## [Dataset excerpt]

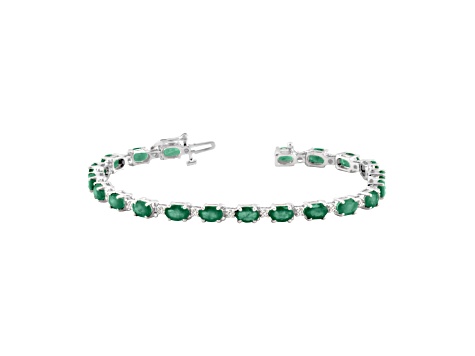9.40ctw Emerald and Diamond Bracelet set in 14k White Gold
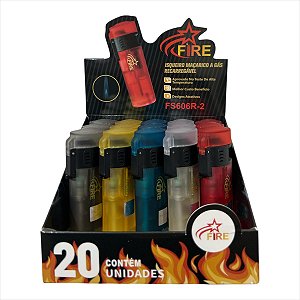 ISQUEIRO MAÇARICO RECARREGAVEL FIRESTAR DISPLAY COM 20 UNIDADES FS606R2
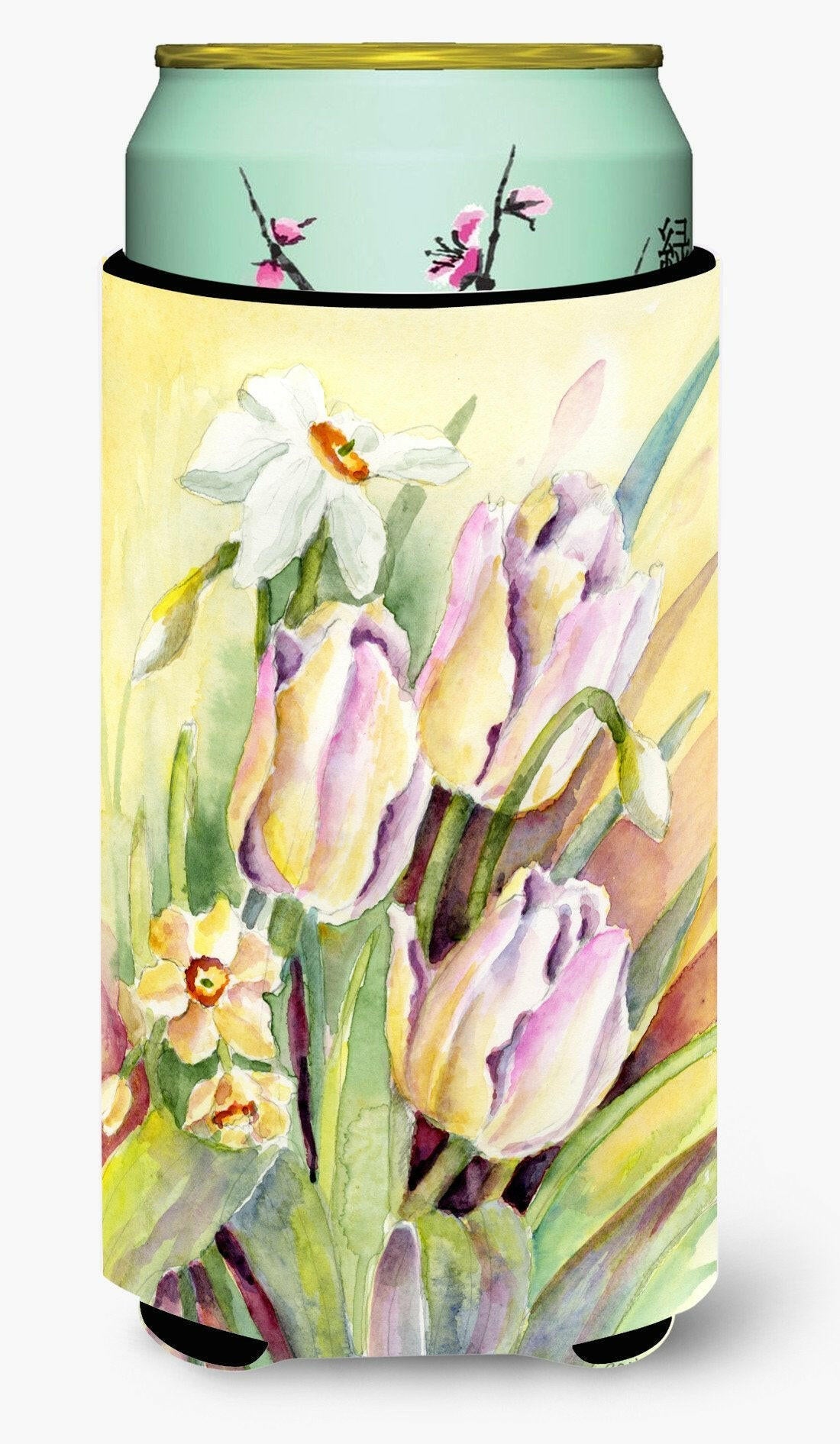 Tulips and Narcisuss Tall Boy Hugger Can Cooler Sleeve Machine Washable Drink Collapsible Insulator Beverage Insulated Holder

## [Prompt]
Produce an exact copy of each line of data, skipping embedded images.

## [Exercise response]
9.40ctw Emerald and Diamond Bracelet set in 14k White Gold
 ISQUEIRO MAÇARICO RECARREGAVEL FIRESTAR DISPLAY COM 20 UNIDADES FS606R2
 Tulips and Narcisuss Tall Boy Hugger Can Cooler Sleeve Machine Washable Drink Collapsible Insulator Beverage Insulated Holder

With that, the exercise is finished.